I call it Uv as it is the initial vertical velocity. It is all I know?

To find the time it takes to reach the ground, just analyze the vertical motion. What's the complete formula for position as a function of time? Then you can solve for the time it takes to reach the ground from that starting point.

S=ut+1/2at²


omoplata: What does "Gravity = Uh" mean?
Anyway, the first 2.5 s is traveled under acceleration. So you have to consider that. The rest of the way is traveled under constant velocity.[/QUOTE]

EXPLINATION:

omoplata Thank you for the help and calculation checks.

It should be S2=Uh*t Therefore Uh = initial horizontal distance, but from the point the rocket engine stops.

Uh = 62.5cos80 = 10.853 m/s

Then there is the S1=Uh*t for the aceleration stage:

(linear distance traveled under acceleration = s=0*t+1/2*25*2.52 = 78.125m)

If there is a better way of calculating this distance let me know?

Uh = 78.125cos80 = 13.57 m S1 horizontal

Answer:

S1 = 13.57m*2.5s = 33.925m
S2 = 10.853 *(6.27+7.42)= 148.58m

Therefore total distance = 182.505m

 

[Doc Al]

S=ut+1/2at²

Good.
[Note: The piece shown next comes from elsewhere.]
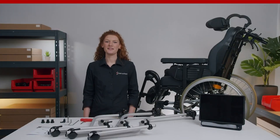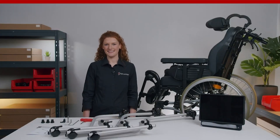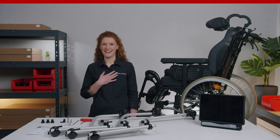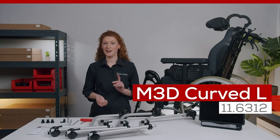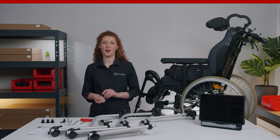Hi guys! Welcome to a new episode of Monty Made Easy. I'm Nadine from Rayadapt. In today's episode I want to introduce you to a wheelchair mount idea for eye gaze devices. It is the Monty 3D curved L mount and I will also show you how to assemble it on a wheelchair.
A more complete version would be:

y = y₀ + ut + 1/2at²

You know:
- the initial y position: y₀
- the acceleration
- the final y position (when it hits the ground)
- the initial velocity (y component): u

That's all you need to solve for t, the time it takes to reach the ground.

 

[omoplata]

(linear distance traveled under acceleration = s=0*t+1/2*25*2.52 = 78.125m)
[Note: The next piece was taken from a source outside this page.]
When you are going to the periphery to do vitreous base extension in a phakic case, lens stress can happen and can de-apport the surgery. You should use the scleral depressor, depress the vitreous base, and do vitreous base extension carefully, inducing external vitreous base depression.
If there is a better way of calculating this distance let me know?

Uh = 78.125cos80 = 13.57 m S1 horizontal

Answer:

S1 = 13.57m*2.5s = 33.925m
S2 = 10.853 *(6.27+7.42)= 148.58m

Therefore total distance = 182.505m

I agree with calculated linear distance traveled under acceleration, 78.125 m.

So the horizontal component of the linear distance traveled under acceleration should be 78.125*cos(80) . This should be S1. You don't need to multiply it again by 2.5 s. You can catch this error easily by looking at the units. Since you know that you will get a distance, the units of your final answer should be m. But the units for your S1 = 13.57m*2.5s is m*s.
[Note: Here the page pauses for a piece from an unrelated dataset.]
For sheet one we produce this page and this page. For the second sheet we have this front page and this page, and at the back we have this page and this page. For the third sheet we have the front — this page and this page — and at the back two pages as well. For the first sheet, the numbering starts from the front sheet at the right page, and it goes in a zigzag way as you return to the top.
I agree with your calculated value of S2.

Now all you have to do to find the total horizontal distance traveled is to add S2 to the correct value of S1.

 

[lubo]

I agree with calculated linear distance traveled under acceleration, 78.125 m.

So the horizontal component of the linear distance traveled under acceleration should be 78.125*cos(80) . This should be S1. You don't need to multiply it again by 2.5 s. You can catch this error easily by looking at the units. Since you know that you will get a distance, the units of your final answer should be m. But the units for your S1 = 13.57m*2.5s is m*s.

I agree with your calculated value of S2.

Now all you have to do to find the total horizontal distance traveled is to add S2 to the correct value of S1.

S1 = 13.57m = 13.57m
S2 = 10.853 *(6.27+7.42)= 148.58m

Therefore total distance = 162.15M

 

[omoplata]

Yes, I think this answer is correct.